Sebagai profesi yang terlanjur berorientasi agribisnis, petani padi selalu berharap menghasilkan produksi yang tinggi melampaui hasil sebelumnya. Secara nasional, rata – rata produksi padi hanya mencapai 5,7 ton/ha. Kemudian di Aceh, benih Indonesian Farmer 8 (IF8) berhasil dibudidayakan petani dan mencapai produksi 11, 9 ton/ha (hasil ubinan).
Fakta tersebut tentunya membuat benih ini menjadi semakin digandrungi oleh petani. Boleh jadi, dikembangkan benih ini oleh petani dibeberapa kabupaten di Aceh merupakan titik balik dari anomali produksi benih padi bersubsidi maupun pasar bebas.
Tidak hanya di Aceh, Tahun 2018 silam, di Cianjur, demplot benih padi IF 8 mampu menembus 11.5 ton/ha hasil ubinan yang sebelumya hanya 5 ton/ha. Capaian tersebut mengantarkan petaninya meraih predikat petani terbaik di Kabupaten Cianjur hingga Provinsi Jawa Barat.
Prestasinya tentu diikuti oleh sejumlah fasilitas sebagai hadiah dari pemerintah. Hingga benih padi IF8 menjadi primadona di daerah tersebut. Kemungkinan benih tersebut telah beredar luas karena merupakan padi inbrida yang dapat ditanam turun-temurun jika dilakukan isolasi jarak dan waktu dengan varietas padi lain.
Secara subtantif, benih merupakan jantung produksi, jika salah dalam memilih benih maka sebesar apapun input faktor produk tidak akan meningkatkan produksi. Benih memiliki batas potensi produksi yang tidak dapat diubah karena bagian dari ekspresi genetiknya. Kecuali melalui proses rekayasa genetika dan pemuliaan tanaman yang membutuhkan waktu bertahun – tahun.

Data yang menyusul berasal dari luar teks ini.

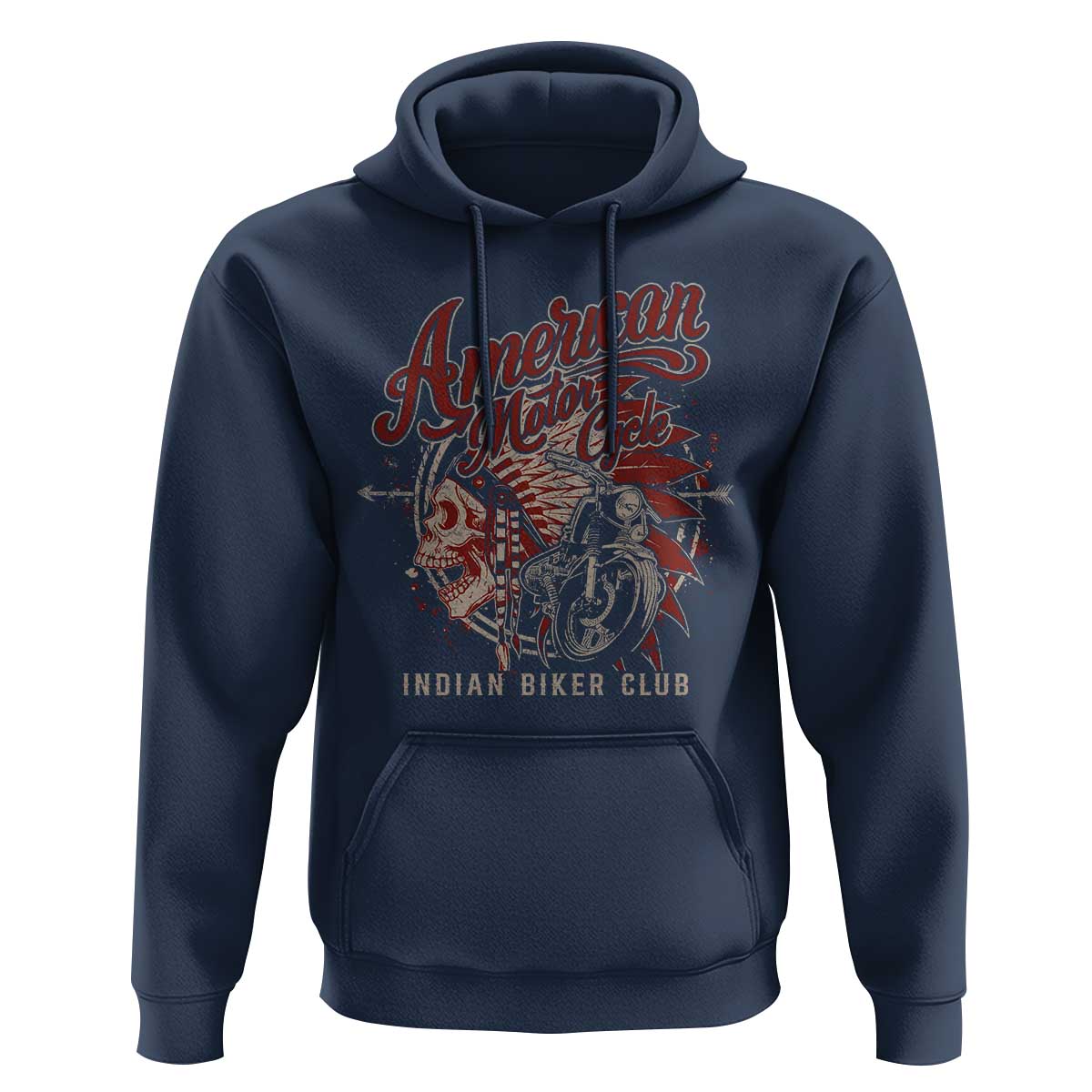 American Legendary Motorcycle Indian Biker Club Hoodie Vintage Native American Skull - Wonder Print Shop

Disisi lain, cekaman lingkungan baik biotik ( hama dan penyakit) maupun abiotik (kekeringan, genangan, salinitas, kimia) merupakan penghambat produksi tanaman. Tentunya sangat sulit menghasilkan satu varietas yang memiliki toleransi terhadap semua cekaman tersebut. Boleh jadi disatu wilayah varietas tertentu akan toleran terhadap salah satu cekaman, namun didaerah lain tidak tahan karena faktor agroklimatnya. Sehingga perlu dilakukan uji multilokasi untuk melepas dan menyebarluaskan salah satu varietas.
Kekawatiran pemerintah akan tersebarnya hama dan penyakit penyakit secara masif dan tidak bisa dikendalikan tidak dapat disalahkan untuk melindungi petani dan pangan secara nasional. Sesuai dengan Permentan RI No. 56/Permentan/PK.110/11/2015 Tentang Produksi, Sertifikasi, dan Peredaran Benih Bina Tanaman Pangan dan Tanaman Hijauan Pakan Ternak.

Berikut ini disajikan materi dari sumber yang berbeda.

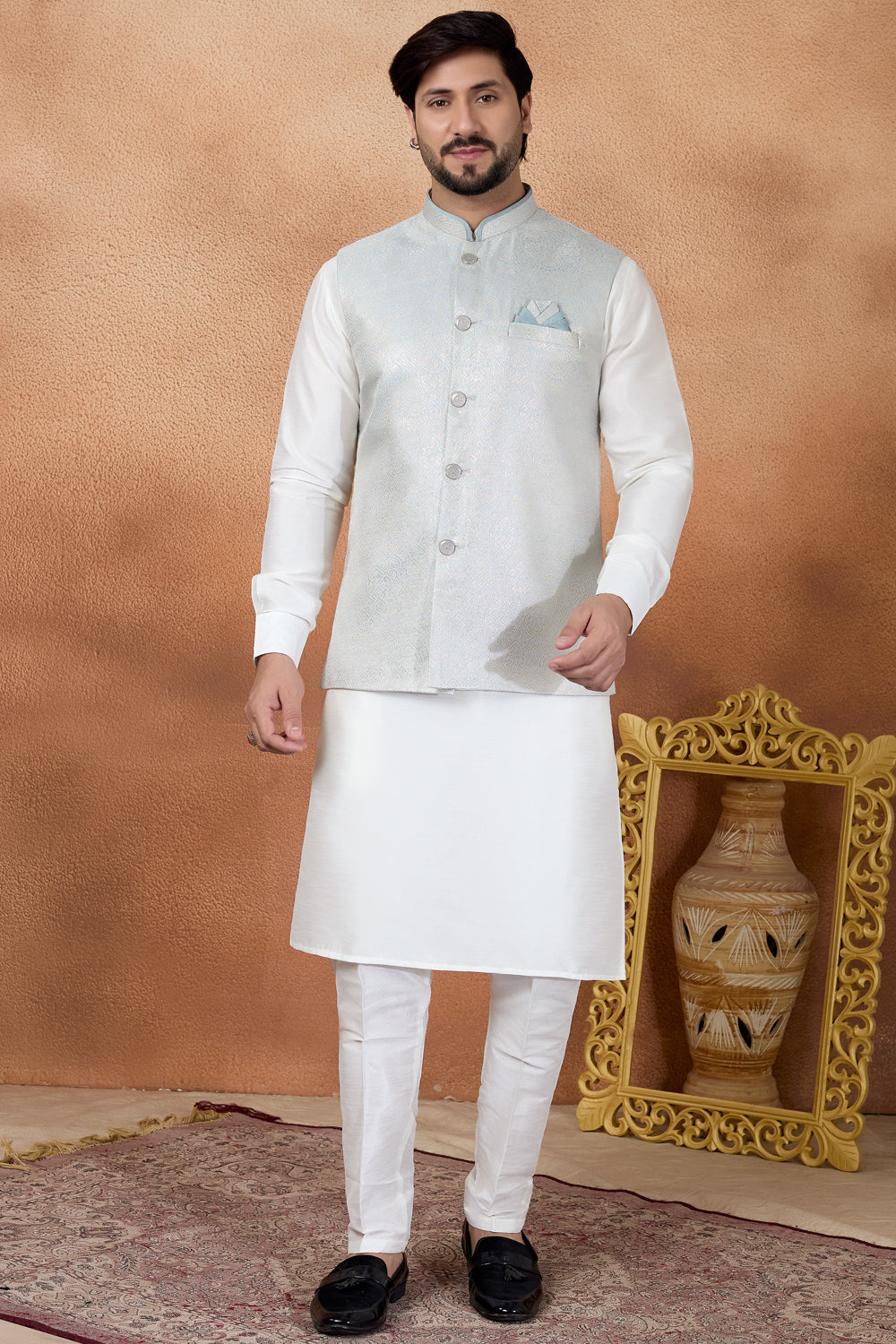 Blue Jaquard Mens Nehru Jacket (NMK-8842)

Pemerintah memberikan jaminan mutu atas benih yang telah disertifikasi. Melalui kebijakan tersebut, diharapakan melahirkan kedaulatan benih. Benih memiliki peran strategis dalam menunjang produksi dan keberlanjutan pangan di masa depan. Mengapresiasi hasil karya petani sebagai aktor terdepan dalam membangun kedaultan pangan membutuhkan pembinaan dan pendampingan.
Seyogyanya petani memiliki kemerdekaan dalam menentukan jenis tanaman pangan yang akan dibudidayakan. Jika perlu, setiap desa yang memiliki penangkaran benih padi tersendiri spesifik lokasi sehingga petani memiliki kemandirian atas benih.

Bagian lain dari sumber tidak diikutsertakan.